August 13, 2009 · Leave a Comment

This is cool. Partly it’s just a great bit of technology.  Partly because it just looks like a massive amount of fun.

But mainly it’s because this is exactly the kind of thing that used to appear on Tomorrow’s World. It’s what the future is supposed to be like. People conducting electricity through their dancing bodies to make music.  While wearing bikinis.

Who wants to be in the sweepstake for how long it’s going to take before this shows up in ad?  In time for Cannes next year is my bet.

Categories: Uncategorized

Peter Spencer

July 29, 2009 · Leave a Comment

Peter-SPENCER-NEW-thumb-300x225-12740

Peter Spencer died this morning. He suffered a heart attack on Monday.  It’s a spectacular understatement to say that he’ll be missed.

I first met Peter at a time when the role of Assistant Account Executive still existed. I was a newly-minted one, fresh from University, positively drenched behind the ears.  I had joined O&M in Wellington, while Peter was the National MD.

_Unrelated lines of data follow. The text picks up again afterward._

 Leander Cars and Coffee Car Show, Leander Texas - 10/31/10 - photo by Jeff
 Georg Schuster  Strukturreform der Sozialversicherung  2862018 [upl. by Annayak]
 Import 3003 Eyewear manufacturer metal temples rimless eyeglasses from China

I’d been there about a week when Peter came to town. He was set-up in a meeting room, and I was taken in to meet him. He had his diary sitting in front of him. It was about the size of a One Show annual and covered in a burgundy velvet.  His name was embossed on the front. In gold.  At that point his mobile phone rang. He answered it with a confident ‘Spencer’.  I decided then and there that Peter was one of the coolest men in the world.  He was what I wanted to be when I grew up.

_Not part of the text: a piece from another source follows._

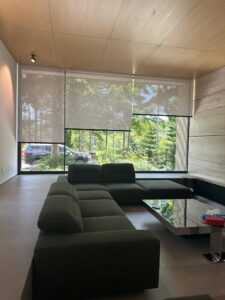 Rèm cầu vồng phòng khách Thanh Hoá Rèm cuốn phòng khách Thanh Hoá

Some years later he’d moved into recruitment and I had moved into a job I wasn’t enjoying. I rang Peter to ask if he knew of anything going. He asked me to come and see him.  He indulged me as I outlined my grievances with my current role.  He took a sip of water and said, in his wonderfully measured way, ‘It’s always better to make something of the job you’ve got than to hope a new one will be different’. Self-interest entirely ignored, he spent the next half hour highlighting the merits of my current role, what I needed to do to make more of it, and, most importantly, the need for me to understand my obligations to an employer who had shown faith in me. I left chastened, wiser and determined to do better.

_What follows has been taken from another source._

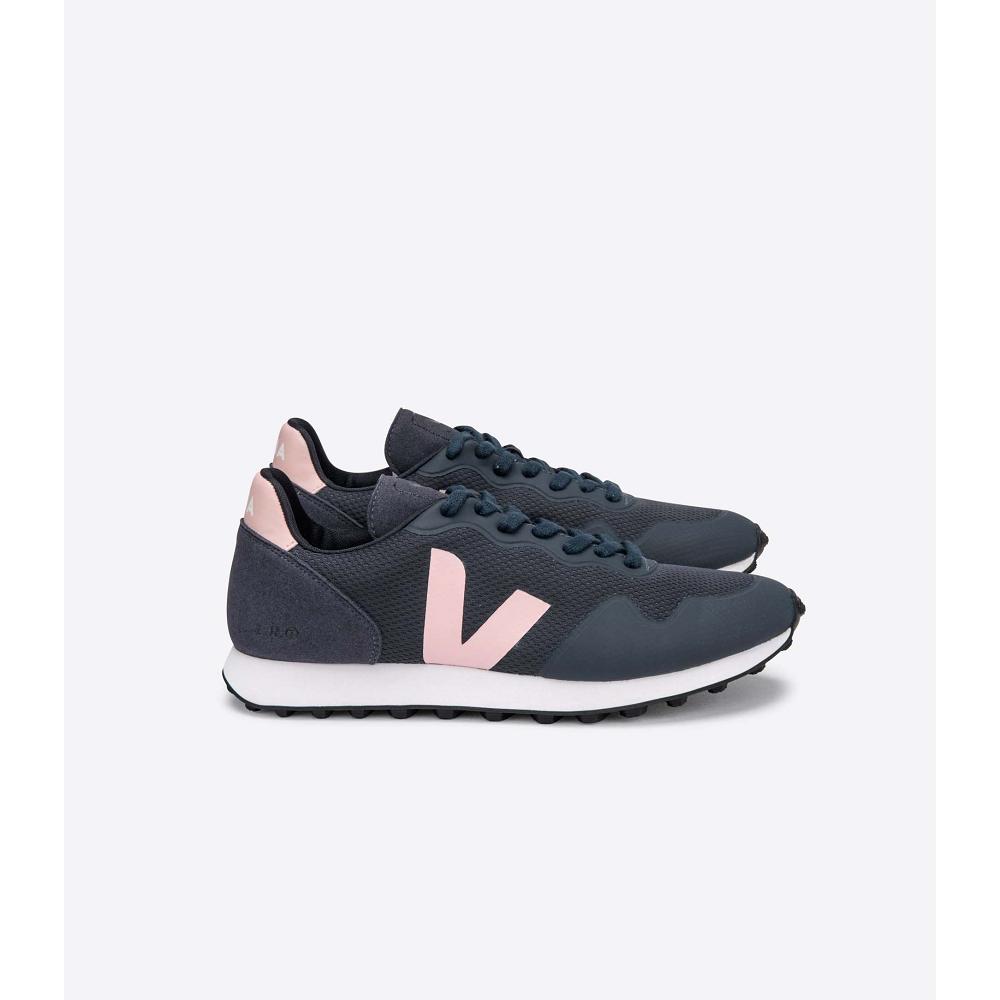 Veja SDU RT ALVEOMESH Women\'s Running Shoes Navy | NZ 436LIS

Another few years on and I had asked for Peter’s help in recruiting for a role. It was a big role, and the first big appointment I would make as MD of an agency.  Peter called me about a candidate. He was very positive about her, even though her experience wasn’t quite what we’d discussed. Not quite the right clients, not quite the right categories and, as I highlighted in a ridiculously pretentious fashion, not quite the right pedigree of agencies.  “Philip’, he said, ‘it’s good to remember that where someone’s come from isn’t necessarily the best indication of what they’re capable of”.  And he was right. I employed her and she was terrific, in exactly the ways he had predicted she would be.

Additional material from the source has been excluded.